The petunia, scientifically also called Petunia, is a genus of plants within the Solanaceae, the nightshade family. The petunia unites in about 16 different species, with the garden petunia being one of the most important ornamental plants. The genus of petunia was established by Antoine-Laurent de Jussieu in 1803. The genus name of petunia is derived from the word petun, which comes from the Brazilian word of the indigenous people of Brazil for tobacco.
Petunia species are subordinated to herbaceous plants. Thus, the above-ground part of the plant is characterized by simple, often sticky hairy trichomes. the leaves of petunias are arranged in pairs or alternate and can be stalked or stalkless. Also typical of the named plant genus are the simple and entire margined leaf blades.
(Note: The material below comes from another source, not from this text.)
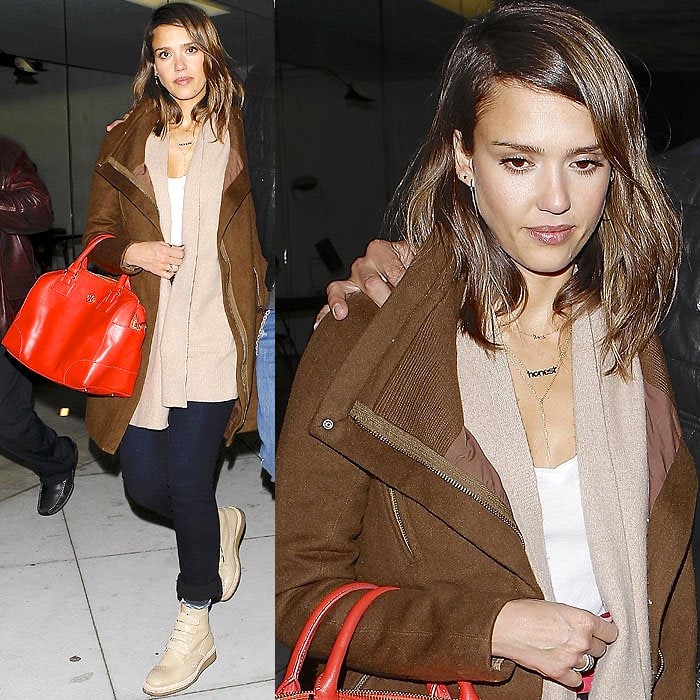 Jessica Alba leaves Craig’s restaurant in West Hollywood after a dinner date with husband Cash Warren on February 3, 2014, wearing layered neutrals — a tan jacket, beige cardigan, and nude Weber Hodel Feder boots paired with a bold red Tory Burch satchel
The flower of petunia is characterized by a solitary, single-branched and cymose inflorescence. It is accompanied by a pair of almost congruent bracts. The hermaphrodite, five-petaled flowers are equipped with a double perianth, which are almost radially symmetrical. The petunia flower emits a more or intense fragrance, depending on the species. The knob cover of petunia is roof tile-like, also called imbricate. In addition, they five sepals, which are only short fused. The petunia’s corolla is often strikingly colored and is characterized by a funnel or cup shape.
The capsule fruits of the petunia spring open septum-cleft and have a large number of seeds. These themselves are usually round or angled. The testa, that is, the seed coat is of reticulate shape, which is due to the vertical position of the corrugated walls of the seed surface.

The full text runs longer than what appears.